## DATA FOR THIS EXERCISE
================
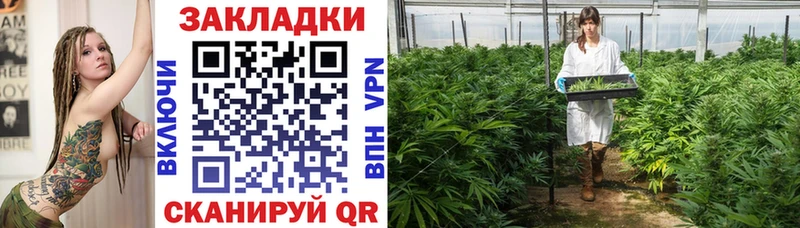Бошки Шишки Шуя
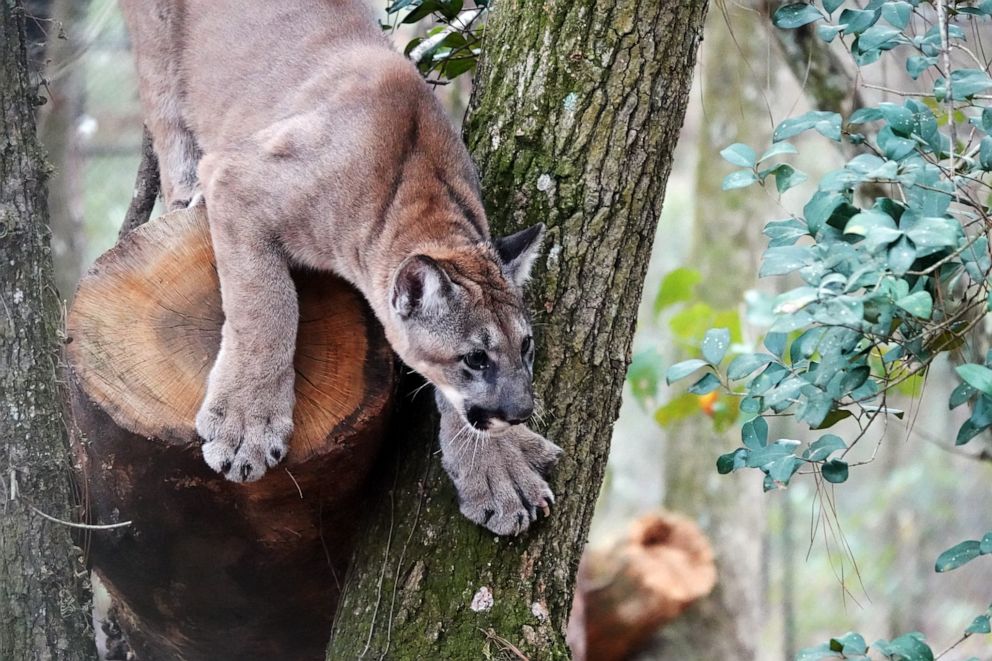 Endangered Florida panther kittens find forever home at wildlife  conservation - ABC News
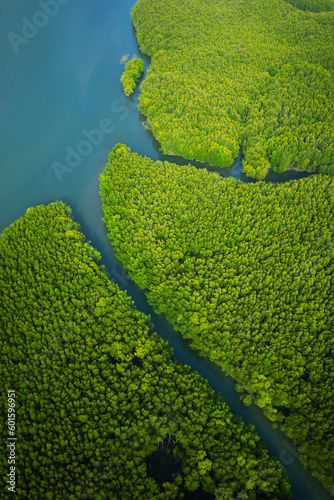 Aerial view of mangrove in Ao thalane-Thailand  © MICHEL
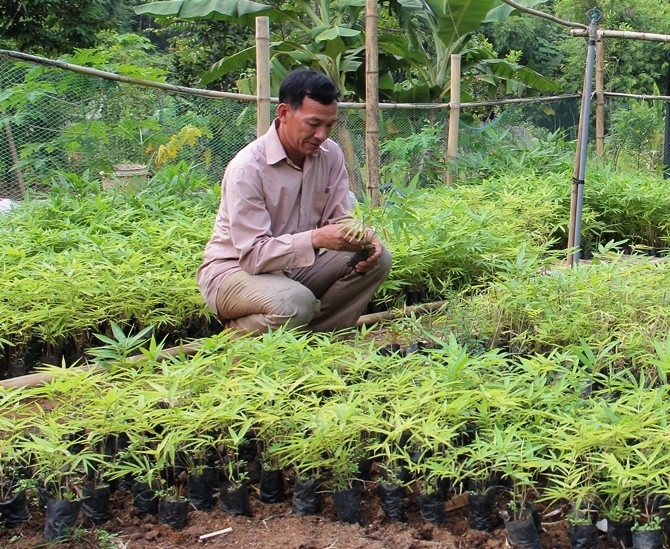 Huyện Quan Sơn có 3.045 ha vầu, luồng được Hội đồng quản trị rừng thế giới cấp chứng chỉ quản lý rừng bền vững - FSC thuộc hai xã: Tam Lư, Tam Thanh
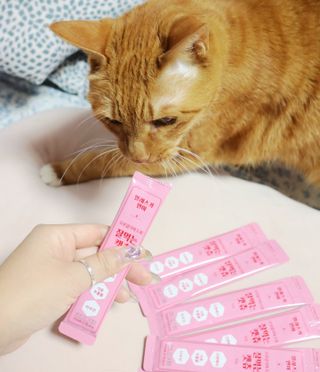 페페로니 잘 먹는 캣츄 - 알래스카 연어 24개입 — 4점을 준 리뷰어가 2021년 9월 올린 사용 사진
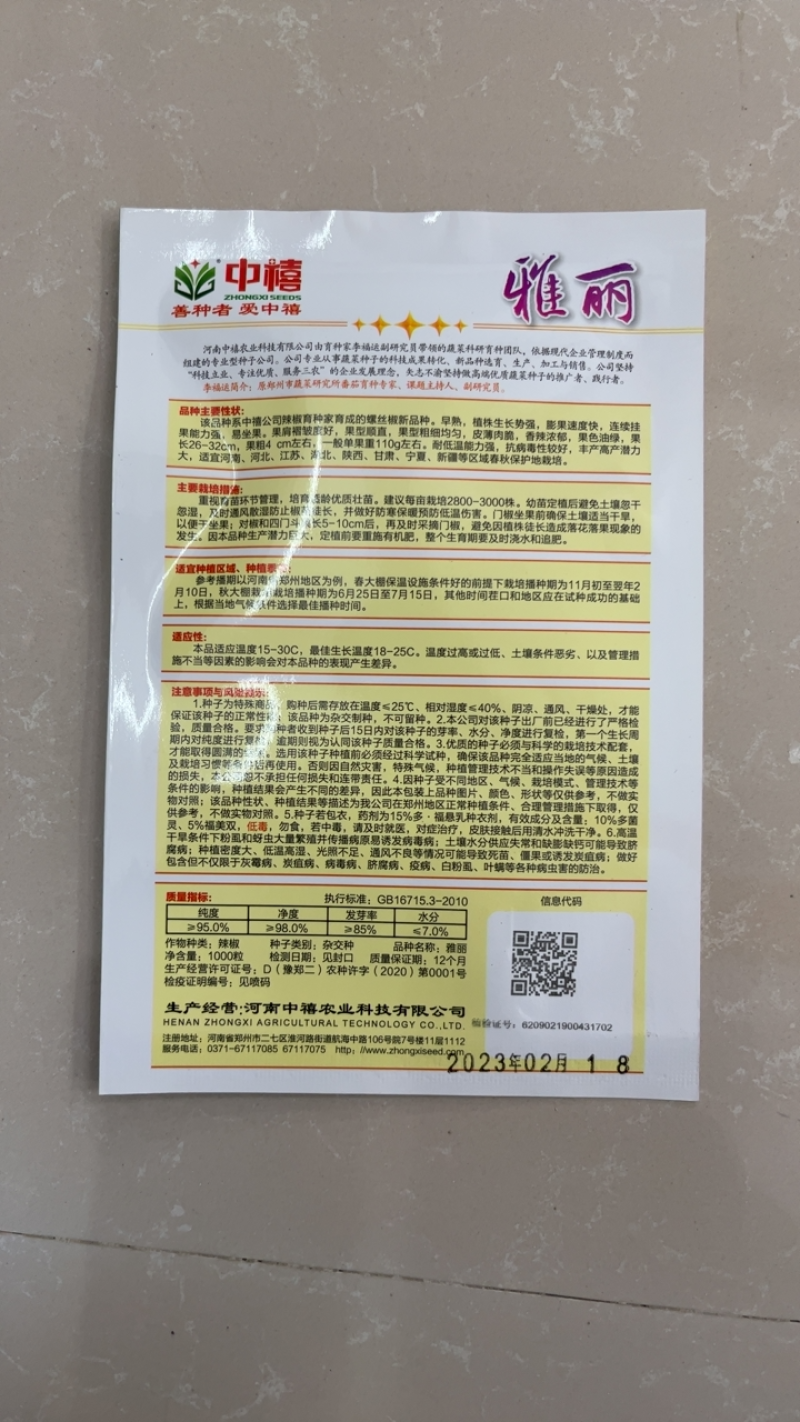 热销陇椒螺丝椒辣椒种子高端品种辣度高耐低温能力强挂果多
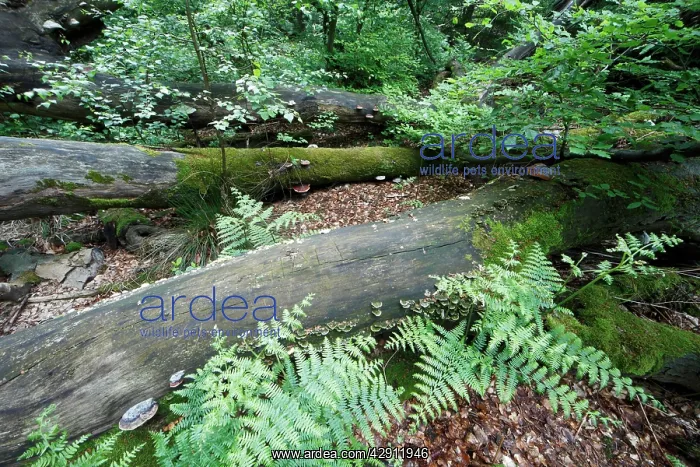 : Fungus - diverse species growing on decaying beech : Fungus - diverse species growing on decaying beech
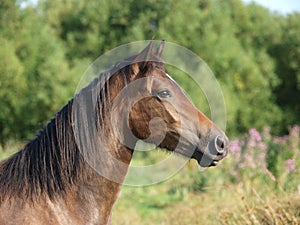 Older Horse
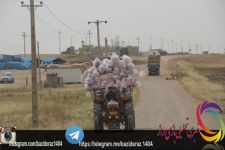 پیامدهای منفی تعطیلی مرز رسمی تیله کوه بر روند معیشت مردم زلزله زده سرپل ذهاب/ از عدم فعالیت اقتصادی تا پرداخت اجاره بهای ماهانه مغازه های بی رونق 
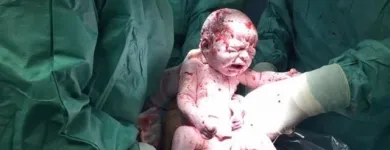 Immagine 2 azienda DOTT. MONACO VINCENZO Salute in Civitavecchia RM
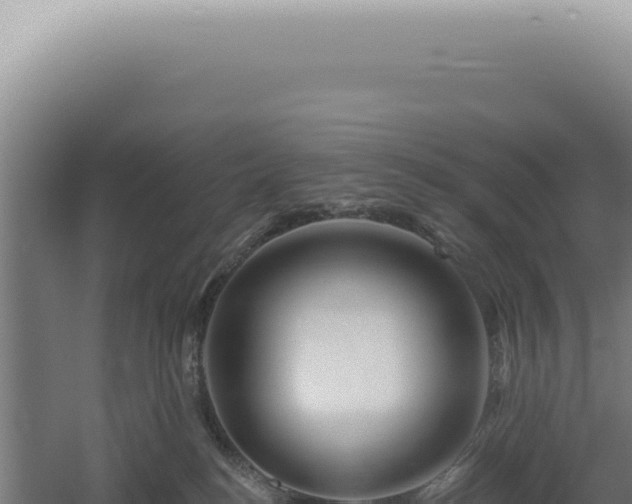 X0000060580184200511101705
================
## TASK DETAILS
Reproduce all entries exactly. Pictures do not belong in the copy.

## RESULT BELOW
Бошки Шишки Шуя
 Endangered Florida panther kittens find forever home at wildlife  conservation - ABC News
 Aerial view of mangrove in Ao thalane-Thailand  © MICHEL
 Huyện Quan Sơn có 3.045 ha vầu, luồng được Hội đồng quản trị rừng thế giới cấp chứng chỉ quản lý rừng bền vững - FSC thuộc hai xã: Tam Lư, Tam Thanh
 페페로니 잘 먹는 캣츄 - 알래스카 연어 24개입 — 4점을 준 리뷰어가 2021년 9월 올린 사용 사진
 热销陇椒螺丝椒辣椒种子高端品种辣度高耐低温能力强挂果多
 : Fungus - diverse species growing on decaying beech : Fungus - diverse species growing on decaying beech
 Older Horse
 پیامدهای منفی تعطیلی مرز رسمی تیله کوه بر روند معیشت مردم زلزله زده سرپل ذهاب/ از عدم فعالیت اقتصادی تا پرداخت اجاره بهای ماهانه مغازه های بی رونق 
 Immagine 2 azienda DOTT. MONACO VINCENZO Salute in Civitavecchia RM
 X0000060580184200511101705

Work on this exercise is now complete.